*YOUR TASK*:
An exact reproduction of all the entries is the expected answer.

*SUPPLIED DATA*:
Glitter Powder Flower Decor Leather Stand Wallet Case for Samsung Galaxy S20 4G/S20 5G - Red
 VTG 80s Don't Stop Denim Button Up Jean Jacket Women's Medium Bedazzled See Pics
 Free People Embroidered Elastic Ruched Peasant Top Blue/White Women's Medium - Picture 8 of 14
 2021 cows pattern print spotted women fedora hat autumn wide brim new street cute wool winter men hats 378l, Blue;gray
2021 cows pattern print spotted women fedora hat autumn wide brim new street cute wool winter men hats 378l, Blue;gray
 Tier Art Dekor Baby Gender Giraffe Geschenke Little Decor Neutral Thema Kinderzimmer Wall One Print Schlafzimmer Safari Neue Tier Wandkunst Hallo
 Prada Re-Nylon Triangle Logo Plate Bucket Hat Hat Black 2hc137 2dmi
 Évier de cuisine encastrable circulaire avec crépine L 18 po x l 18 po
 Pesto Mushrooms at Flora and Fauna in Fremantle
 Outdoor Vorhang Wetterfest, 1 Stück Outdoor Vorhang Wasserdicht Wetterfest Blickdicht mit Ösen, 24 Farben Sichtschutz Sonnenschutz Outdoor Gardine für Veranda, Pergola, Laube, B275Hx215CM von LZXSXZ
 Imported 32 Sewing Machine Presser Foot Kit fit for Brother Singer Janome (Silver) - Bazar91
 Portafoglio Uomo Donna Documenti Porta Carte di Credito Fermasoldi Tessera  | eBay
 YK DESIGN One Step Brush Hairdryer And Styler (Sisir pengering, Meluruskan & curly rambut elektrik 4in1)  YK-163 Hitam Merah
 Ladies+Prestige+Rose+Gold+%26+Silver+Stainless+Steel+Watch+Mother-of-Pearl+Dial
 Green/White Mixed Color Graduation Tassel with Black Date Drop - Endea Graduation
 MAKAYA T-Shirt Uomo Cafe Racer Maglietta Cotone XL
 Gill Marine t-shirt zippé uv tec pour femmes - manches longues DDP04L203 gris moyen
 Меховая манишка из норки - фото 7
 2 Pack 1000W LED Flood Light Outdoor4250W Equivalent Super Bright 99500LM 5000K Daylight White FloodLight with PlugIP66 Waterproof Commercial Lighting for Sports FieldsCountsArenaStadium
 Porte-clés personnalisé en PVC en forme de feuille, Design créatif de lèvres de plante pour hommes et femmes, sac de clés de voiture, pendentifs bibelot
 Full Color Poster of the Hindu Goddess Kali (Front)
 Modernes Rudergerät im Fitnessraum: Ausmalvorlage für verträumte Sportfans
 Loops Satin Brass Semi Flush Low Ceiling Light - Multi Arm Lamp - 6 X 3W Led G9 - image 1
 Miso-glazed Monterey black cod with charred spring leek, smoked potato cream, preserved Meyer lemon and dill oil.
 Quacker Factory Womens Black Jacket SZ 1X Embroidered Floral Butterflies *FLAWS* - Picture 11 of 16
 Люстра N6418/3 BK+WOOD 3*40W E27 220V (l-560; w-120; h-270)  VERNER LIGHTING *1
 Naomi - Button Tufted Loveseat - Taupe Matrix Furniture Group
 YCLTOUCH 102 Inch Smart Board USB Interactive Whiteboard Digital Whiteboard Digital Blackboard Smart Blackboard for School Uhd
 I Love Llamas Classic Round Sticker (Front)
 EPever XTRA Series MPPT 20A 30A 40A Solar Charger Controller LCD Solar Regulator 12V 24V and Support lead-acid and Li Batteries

*SOLUTION BELOW*:
Glitter Powder Flower Decor Leather Stand Wallet Case for Samsung Galaxy S20 4G/S20 5G - Red
 VTG 80s Don't Stop Denim Button Up Jean Jacket Women's Medium Bedazzled See Pics
 Free People Embroidered Elastic Ruched Peasant Top Blue/White Women's Medium - Picture 8 of 14
 2021 cows pattern print spotted women fedora hat autumn wide brim new street cute wool winter men hats 378l, Blue;gray
2021 cows pattern print spotted women fedora hat autumn wide brim new street cute wool winter men hats 378l, Blue;gray
 Tier Art Dekor Baby Gender Giraffe Geschenke Little Decor Neutral Thema Kinderzimmer Wall One Print Schlafzimmer Safari Neue Tier Wandkunst Hallo
 Prada Re-Nylon Triangle Logo Plate Bucket Hat Hat Black 2hc137 2dmi
 Évier de cuisine encastrable circulaire avec crépine L 18 po x l 18 po
 Pesto Mushrooms at Flora and Fauna in Fremantle
 Outdoor Vorhang Wetterfest, 1 Stück Outdoor Vorhang Wasserdicht Wetterfest Blickdicht mit Ösen, 24 Farben Sichtschutz Sonnenschutz Outdoor Gardine für Veranda, Pergola, Laube, B275Hx215CM von LZXSXZ
 Imported 32 Sewing Machine Presser Foot Kit fit for Brother Singer Janome (Silver) - Bazar91
 Portafoglio Uomo Donna Documenti Porta Carte di Credito Fermasoldi Tessera  | eBay
 YK DESIGN One Step Brush Hairdryer And Styler (Sisir pengering, Meluruskan & curly rambut elektrik 4in1)  YK-163 Hitam Merah
 Ladies+Prestige+Rose+Gold+%26+Silver+Stainless+Steel+Watch+Mother-of-Pearl+Dial
 Green/White Mixed Color Graduation Tassel with Black Date Drop - Endea Graduation
 MAKAYA T-Shirt Uomo Cafe Racer Maglietta Cotone XL
 Gill Marine t-shirt zippé uv tec pour femmes - manches longues DDP04L203 gris moyen
 Меховая манишка из норки - фото 7
 2 Pack 1000W LED Flood Light Outdoor4250W Equivalent Super Bright 99500LM 5000K Daylight White FloodLight with PlugIP66 Waterproof Commercial Lighting for Sports FieldsCountsArenaStadium
 Porte-clés personnalisé en PVC en forme de feuille, Design créatif de lèvres de plante pour hommes et femmes, sac de clés de voiture, pendentifs bibelot
 Full Color Poster of the Hindu Goddess Kali (Front)
 Modernes Rudergerät im Fitnessraum: Ausmalvorlage für verträumte Sportfans
 Loops Satin Brass Semi Flush Low Ceiling Light - Multi Arm Lamp - 6 X 3W Led G9 - image 1
 Miso-glazed Monterey black cod with charred spring leek, smoked potato cream, preserved Meyer lemon and dill oil.
 Quacker Factory Womens Black Jacket SZ 1X Embroidered Floral Butterflies *FLAWS* - Picture 11 of 16
 Люстра N6418/3 BK+WOOD 3*40W E27 220V (l-560; w-120; h-270)  VERNER LIGHTING *1
 Naomi - Button Tufted Loveseat - Taupe Matrix Furniture Group
 YCLTOUCH 102 Inch Smart Board USB Interactive Whiteboard Digital Whiteboard Digital Blackboard Smart Blackboard for School Uhd
 I Love Llamas Classic Round Sticker (Front)
 EPever XTRA Series MPPT 20A 30A 40A Solar Charger Controller LCD Solar Regulator 12V 24V and Support lead-acid and Li Batteries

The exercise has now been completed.